Two other things were eaten with the lamb that night – unleavened bread and bitter herbs, also typical. Leaven is typical of mental, moral and religious corruption – sin, error, selfishness and worldliness (Matt. 13:33); and such corruption would be evidence of paucity of Truth, justice, love and heavenly–mindedness. Unleavened bread, therefore, would represent a condition not tainted with sin, error, etc. The implication here is that we should study the Truth to make it our own, spread the Truth and practice it, which is done by each one as he appropriates the merit of “Christ our Passover.”
The bitter herbs (literally, bitters or bitter things), which modern Jews understand to be horseradish (an exceedingly bitter thing) were also typical – something connected with the Christian life. Since eating the lamb types appropriation of faith justification, and eating unleavened bread types about everything else of the Christian life. In fact, apart from the things represented by the lamb and the unleavened bread, there is only one other thing connected with the Christian life, the same being its passive features – trials, sufferings, persecutions, etc., incidental to the other two things. And it is these experiences that are typed by the bitters in the picture. Thus viewed, the lamb, the unleavened bread and the bitters type everything connected with the Christian life.
The charge to roast – not to eat, as some misunderstand the last part of verse 9 the lamb entire – his head, legs and pertinence thereof, types that our Lord had to be tested at every point and proven faithful and sinless therein (Heb. 2:10,17,18; 4:15).
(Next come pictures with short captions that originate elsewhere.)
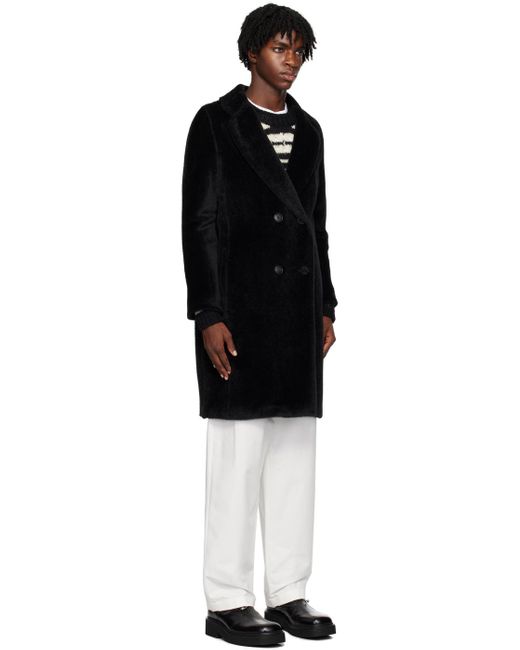 Manteau noir en fourrure synthétique à double boutonnage Max Mara pour homme en coloris Black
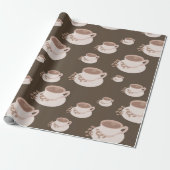 Retro Coffee Cup Saucer Hot Chocolate Geschenk Geschenkpapier (Ungerollt)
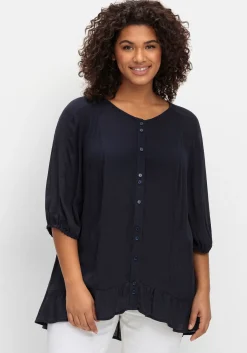 Bluse aus Crêpe, mit Volants am Saum<sheego Outlet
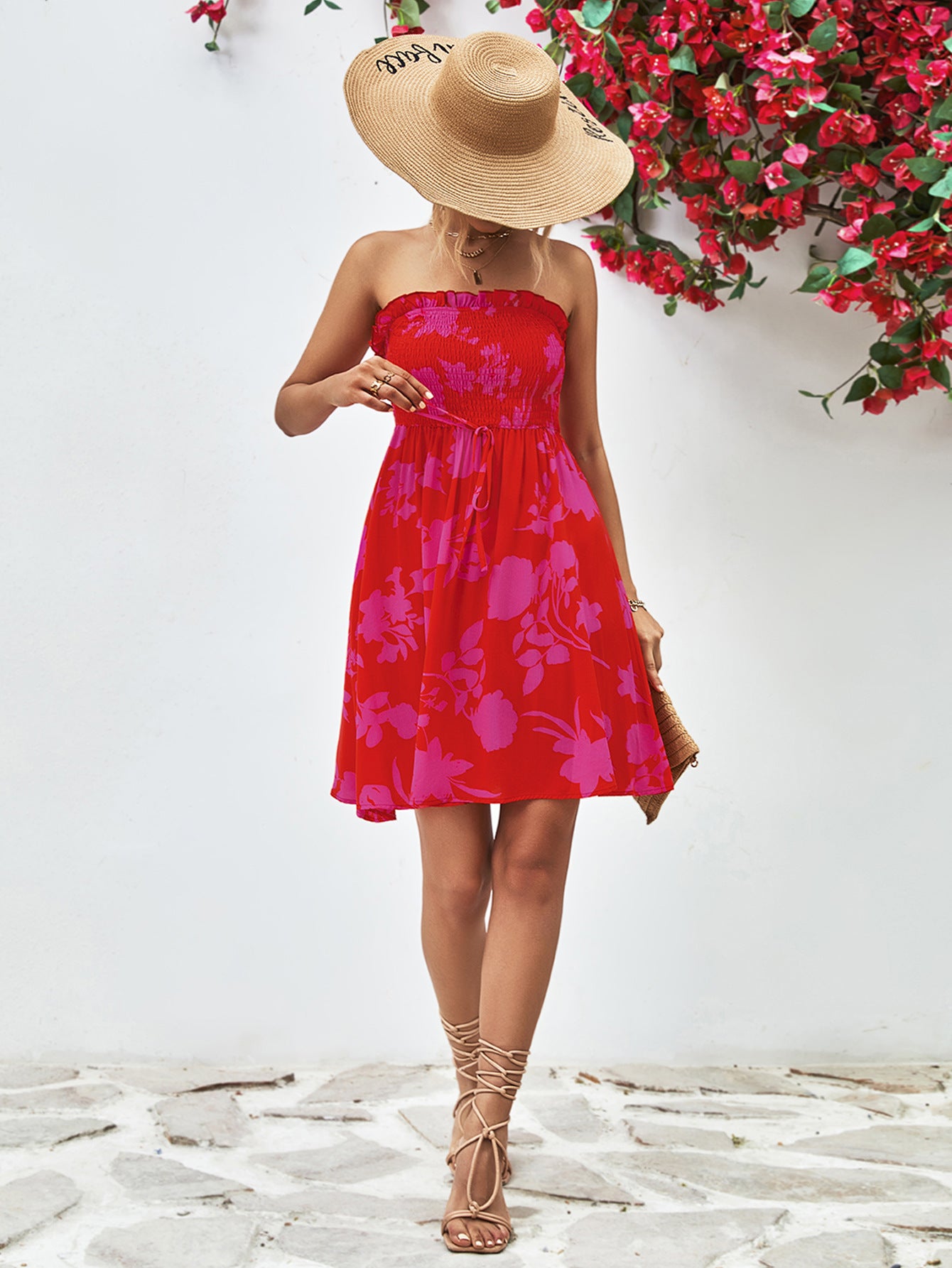 Floral Frill Trim Strapless Smocked Dress.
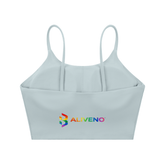 Spaghetti Strap Yoga Sports Bra in light blue with ALIVENO logo, perfect for casual workouts and summer activities.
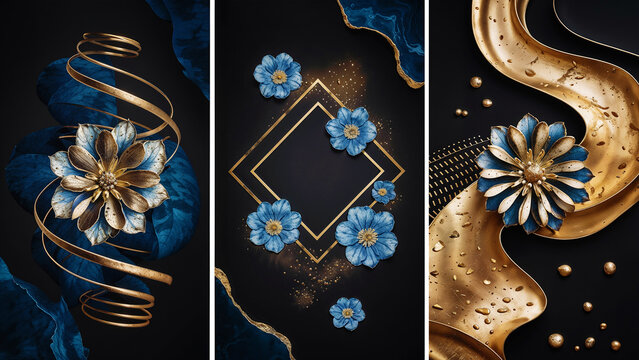 Triptych with blue flowers and textured gold ornamentation. Three paintings with Metallic Floral composition and Sophisticated Details.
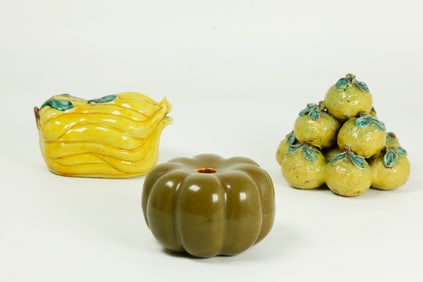 2 Chinese Enamel Porcelain Altar Fruit; Water Pot
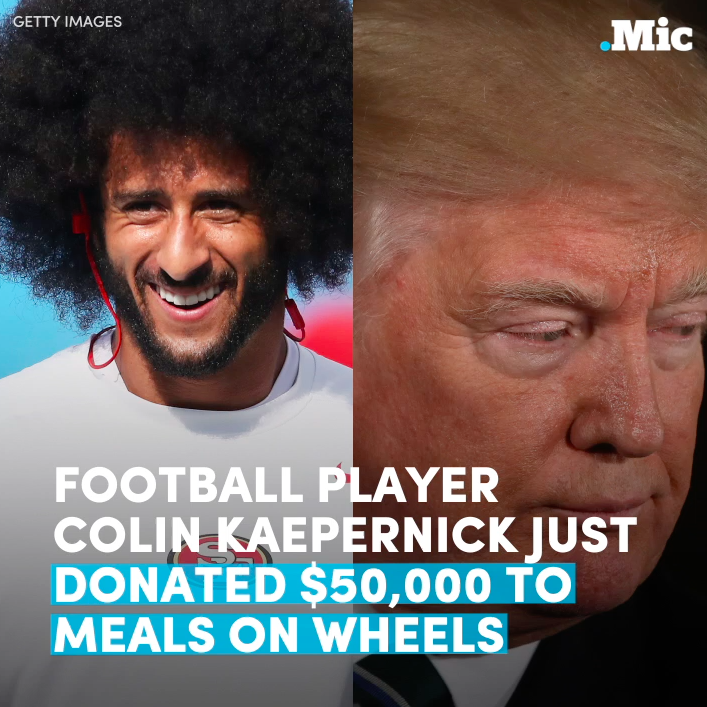 the-movemnt: Colin Kaepernick donates $50,000 to Meals on Wheels  Colin Kaepernick isn’t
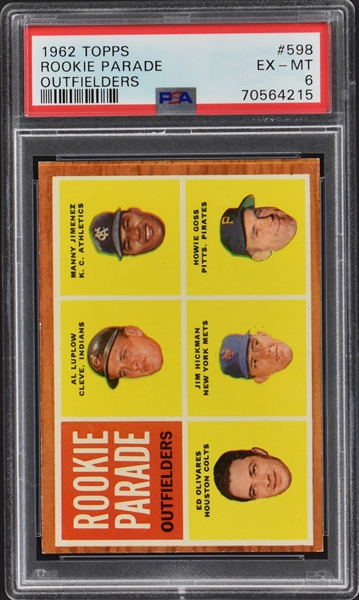 1962 Topps #558 Rookie Parade Outfielders – PSA EX-MT 6
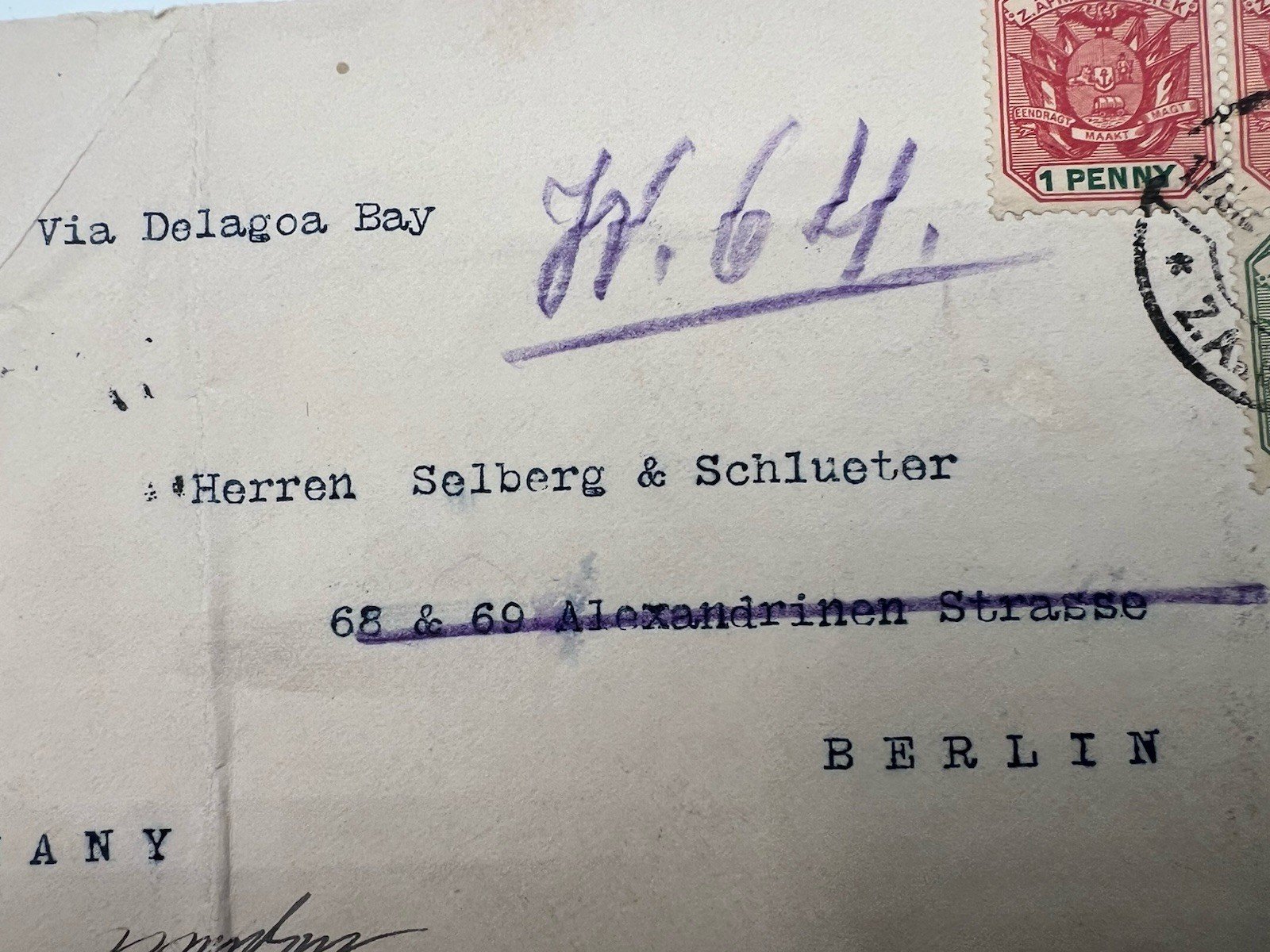 1900 ZAR Transvaal Boer War Censored Cover to Berlin via Delagoa Bay # 1219 photo 3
Thus He could completely nourish unto eternal life all who would accept Him. The charge in verse 10 to leave none of the eating of the lamb over until the morning types the teaching that we should not leave our justification and sanctified feasting over into the Millennium; for there will be no more faith justification working during the Millennium – no more Gospel-Age study, spread and practice of the Truth then in the sense of suffering for righteousness in the next Age. Thus, our appropriation of our Lamb must be a thing fully completed during the Gospel Age. Those who begin, but do not finish it (the antitypical feasting) in this Age must go into the Second Death (Heb. 3:13; 10:25,26–29). Therefore, all who begin the feasting in this Age must also finish it if they would gain life – i.e., all who are spirit-begotten.
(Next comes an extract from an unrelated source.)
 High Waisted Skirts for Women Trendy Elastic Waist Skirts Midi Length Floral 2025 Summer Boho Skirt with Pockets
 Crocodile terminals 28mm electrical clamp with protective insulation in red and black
The charge of verse 10 – “that which remaineth of it until the morning ye shall burn with fire” – might seem to contradict the foregoing, but it does not really do so. The real thing forbidden was the prolonging of the eating until morning – not that they should eat all of it. It could easily occur that some houses would have fewer feasters than others, in which case the command to eat all of the lamb could be well nigh impossible; and the Lord never orders any one to do the impossible. Thus, in every house the entire lamb would be consumed by the morning – either eaten or burned. Each one was to eat only to his full capacity – to strengthen sufficiently for the exodus from Egypt. But the eating of the lamb with bitters would sharpen the appetite for more of the lamb than would otherwise be the case. This conclusion is well illustrated in Rev. 10:10, Dia.: “I took the little scroll from the hand of the angel, and did eat it; and it was in my mouth sweet as honey; and when I ate it my belly was embittered.” Here is the Berean Comment on this text: “The after effects are always more or less a blending of the bitterness of persecution with the sweetness.” It is well to remember here, too, that all of Christ's merit is not imputed to any one individual during this Age, because that would mean the recipient is totally depraved; and such persons are not called “to follow in His steps.”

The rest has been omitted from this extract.